Su familia ya no estaba. Era el día de su funeral. Vio sus cajones y una pequeña sonrisa se curvó en sus labios, desapercibida para todos a su al rededor.
Llegó a su casa, prendió la chimenea, y abrió el gas de la cocina y calefactores. Tomó su mochila junto a la puerta y se fue. Viajó a la casa de campo.
En cuanto llegó una bandada de pájaros salió de la copa de los árboles, sus cantos se oían como múltiples gritos de socorro. Su celular vibró, en la pantalla se veía un mensaje de su novia que decía "la casa explotó, tienes que venir ya". Lo ignoró y se dirigió a la entrada de la casa. Giró el picaporte y en cuanto entró la vio.
Su hermana se encontraba tal como la había dejado, atada sobre el sillón, vestida de zorra, porque eso era para él luego del engaño. Corría un río de sangre por todo su cuerpo, ya se encontraba pegajosa luego de varias horas.
—Ya no están, me encargué de todos ellos. Nadie te busca, nadie te espera. A nadie le importas.
Tomó el destornillador junto a ella y lo clavó en su pierna derecha, luego en la otra. Vertió alcohol sobre las heridas, ella gimió por el dolor, liberando lágrimas. Luego tomó unos fosforo, los prendió y los tiró sobre las heridas.
—Hay que cauterizar, sino se puede infectar. Y no queremos eso, ¿verdad?
Ella no respondía, el había cocido su boca.

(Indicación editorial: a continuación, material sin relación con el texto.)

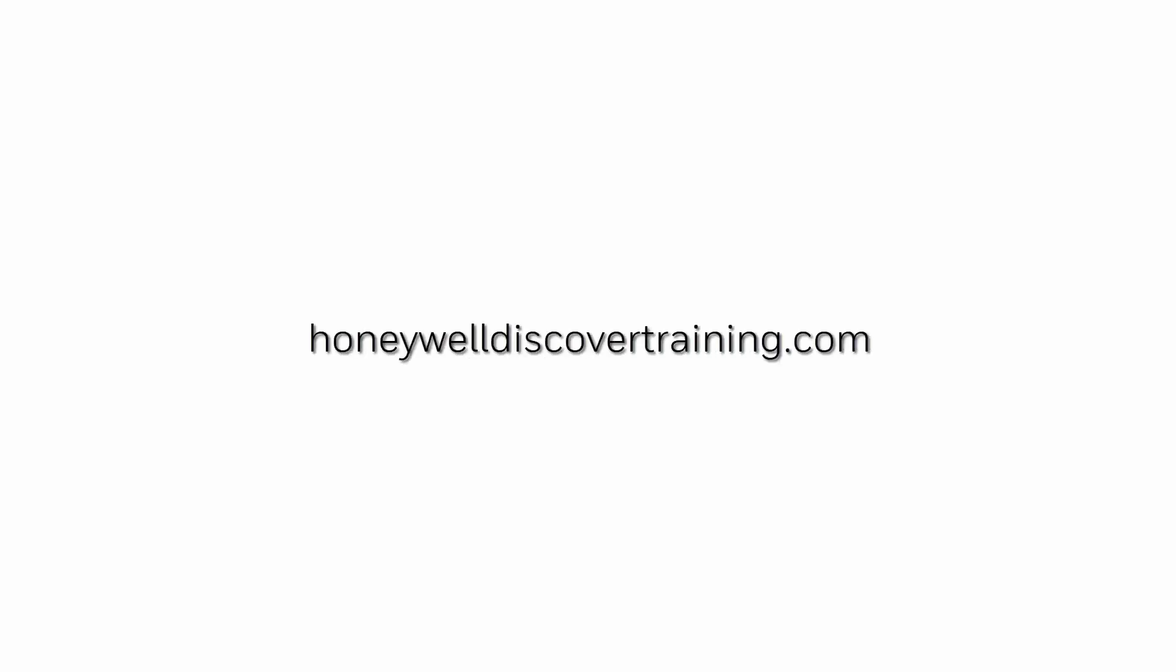For more information and videos, visit our web page HoneywellDiscoverTraining.com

—Que pena que no puedas abrir esa boca tan linda que tienes, que pena que te haya encontrado con ella sobre él —pasó su mano por todo el cuerpo de ella, esparciendo la sangre en donde faltaba—. Y tu hermosa mano, con la que escribías infinitas historias, sobre Jake. Zorra.
Caminó hacia un armario, donde había una caja de herramientas. Tomó clavos y chinches, esparciéndolos por el suelo delante de ella. La desató, para tomarla en sus brazos y luego soltarla. Logrando que todo el lado trasero de su cuerpo quede cubierto por ellos.
El volvió a encender un fosforo y lo acercó al rostro de ella.
—Y ese cabello, negro como la noche, negro como tu alma podrida y asquerosa, de puta y zorra.
Dejó caer el fosforo sobre su cabello, ella se desesperó e intentó mover para apagarlo, pero ya no tenía fuerzas y ni el más mínimo movimiento sirvió. Agarró con fuerza el piso, desgarrando la madera con sus dedos. Y cuando el fuego a su cabeza llegó, ya no lo intentó, los puntos en sus labios se abrieron y gritó.
—Si hermanita, grita. Grita como lo hacías cuando tenías sex* con nuestro padre y hermano. Enfermos —la escupió y pateo mientras ella seguía retorciéndose por el dolor—. Se pudrirán en el infierno.
Se dio la vuelta, tomó un bidón con alcohol y salió de la casa, esparciéndolo todo al rededor. Se alejó un par de metros, encendió su encendedor y lo lanzó.
Su casa de campo explotó.
—Adiós.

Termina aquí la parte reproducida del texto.